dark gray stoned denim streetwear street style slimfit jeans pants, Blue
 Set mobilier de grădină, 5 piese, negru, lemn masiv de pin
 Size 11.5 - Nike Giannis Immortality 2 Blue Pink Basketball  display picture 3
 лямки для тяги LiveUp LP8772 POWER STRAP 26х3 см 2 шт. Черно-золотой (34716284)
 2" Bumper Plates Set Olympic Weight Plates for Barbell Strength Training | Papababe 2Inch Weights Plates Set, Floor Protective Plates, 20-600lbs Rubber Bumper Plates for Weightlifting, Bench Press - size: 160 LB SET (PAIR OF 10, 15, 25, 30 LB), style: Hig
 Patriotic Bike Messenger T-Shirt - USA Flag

__Activity__
Please set down, with no changes, the line that contains "Size 11.5 - Nike" and all the lines after it until the entries end; write nothing besides them.

__Reply__
 Size 11.5 - Nike Giannis Immortality 2 Blue Pink Basketball  display picture 3
 лямки для тяги LiveUp LP8772 POWER STRAP 26х3 см 2 шт. Черно-золотой (34716284)
 2" Bumper Plates Set Olympic Weight Plates for Barbell Strength Training | Papababe 2Inch Weights Plates Set, Floor Protective Plates, 20-600lbs Rubber Bumper Plates for Weightlifting, Bench Press - size: 160 LB SET (PAIR OF 10, 15, 25, 30 LB), style: Hig
 Patriotic Bike Messenger T-Shirt - USA Flag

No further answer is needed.